1 リターンとリスクの関係をグラフで描くと

 図1は時間の経過を横軸に、株価を縦軸に示したグラフです。このグラフにおける「リスク」は、株価の値動きの幅、つまり変動の度合いを表しています。一方、「リターン」は、平均的に株価がどの程度上昇するかを示しています。1年ごとの増加率の平均とします。また、ここではリスクとリターンは未来も変化しないと仮定します。株価は右肩上がりで上がっていますが、1年後はどのくらい上昇するでしょうか?リターンだけ増加すると予想するのが妥当な判断ですが、株式にはリスクがあるためリターンよりも多く増えたり、逆にリターンよりも少ない上昇しかない場合もあります。

図1 株価の年変動と1年後のリターンとリスク

それでは、リターンとリスクの関係にはどのような関係があるでしょうか?以下の4つのパターンが考えられます。

  • A ローリスク・ローリターン 
  • B ローリスク・ハイリターン 
  • C ハイリスク・ローリターン 
  • D ハイリスク・ハイリターン

それぞれのパターンを図2に描いてみると以下のようになります。

図2 リスクとリターンの関係

Bのローリスク・ハイリターンの投資対象はとても魅力的に見えます。Bのような株は存在するのでしょうか?実は、現代ポートフォリオ理論ではローリスク・ハイリターンの投資対象は存在しないことなっています。

SP500ちゃん
SP500ちゃん
Bは損する可能性が小さくて儲けも大きい。理想的だわね。Cはリスクだけ大きい。これは論外ね。AとDは好みが分かれそうだけど私はDのほうが好きかな。
Dr. めたる
Dr. めたる
そうだね。好きなものを順に並べて欲しいとたくさんの人にお願いしてみると、大部分の人はB>A≒D>Cという風に並べるんじゃないかな。

2 ローリスク・ハイリターンの株

 なぜBのような株は存在しないのでしょうか?これからローリスクでハイリターンな投資先は存在しない理由を説明していきます。まず、ローリスクでハイリターンな希少な株(仮称:はぐれめたる株)があったとしてみます。この価格は現在100万円で、一年後に149万円か151万円の幅で値動きがあるとします。これがリスクです。リターンは50万円とします。

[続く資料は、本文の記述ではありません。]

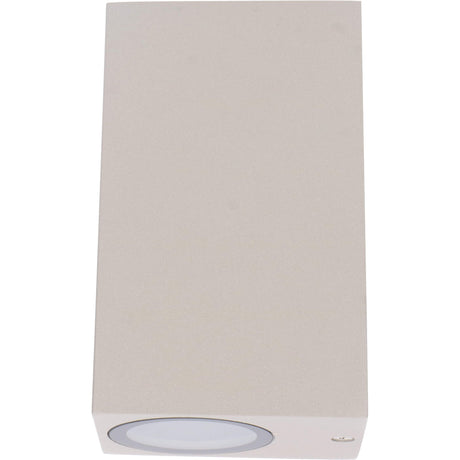 Lampe extérieure LED's Light avec douille GU10 - Rectangulaire - IP44 - Grise - Modèle Milan
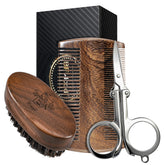 BFWood front packaging showing complete beard grooming kit and gift-ready presentation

このはぐれめたる株は、リスクとして値動きが±1万円であるのに対してリターンが50万円もある。リターンに対してリスクがとても小さいです。すなわちローリスク・ハイリターンな株です。

図3 ローリスク・ハイリターンなはぐれめたる株

さて、このはぐれめたる株が売り出されると人気が殺到するのは間違いありません。みんなが買いたがります。そうなるとこのはぐれめたる株の値段がどんどん上がっていくことになります。高く売れる株をあえて安く売る人もいないでしょう。最初は100万円だったものが、110万円、120万円・・・と段々と値上がりしていくことになります。

図4 ローリスク・ローリターン化したはぐれメタル株
Dr. めたる
Dr. めたる
株価が上がっていくけど、SP500ちゃんはどこまで出しても良いかな?
SP500ちゃん
SP500ちゃん
140万円でも買いね。この値段で買っておけば損することはなさそう。

 140万円まで値上がりした場合、リターンが50万円が10万円まで小さくなったことになります。ローリスクでハイリターンであったはずの「はぐれめたる株」は値上がりして、すぐにローリターンに変化していくのです。つまり、何かの手違いでローリスク・ハイリターンの株が売り出されると買いが殺到してあっという間に株価が上昇することになります。そして、ローリスク・ハイリターンだったものがローリスク・ローリターンになるのです。

Dr. めたる
Dr. めたる
現実の株式市場ではローリスク・ハイリターンな株が転がっているチャンスはあるにはある。リスクとリターンを正確に計算できるわけじゃないし、全ての投資情報が瞬時に全ての投資家に共有されている訳じゃないからね。ただ、そんな株は非常に少ない。それでもローリスク・ハイリターンな株を探している投資家はたくさんいるよ。

3 ハイリスク・ローリターンの株

 次にハイリスク・ローリターンの株(仮称:ぞうま株)を考えてみます。この株の価格を同じく100万円とし、1年後に80万円か120万円の幅で値動きするとします。この株の平均的なリターンは残念ながら0万円です。リスクは±20万円と高いのにリターンは0万円というローリターンな株を考えてみます。

図5 ハイーリスク・ローリターンなぞうま株
Dr. めたる
Dr. めたる
この「ぞうま株」は買いたい?100万円が120万円になる可能性もあることはあるけど。
SP500ちゃん
SP500ちゃん
遠慮しとくわ。80万円になって20万円損する可能性も同じくらいのよ。その確率が五分五分では何か割に合わない気がするわ。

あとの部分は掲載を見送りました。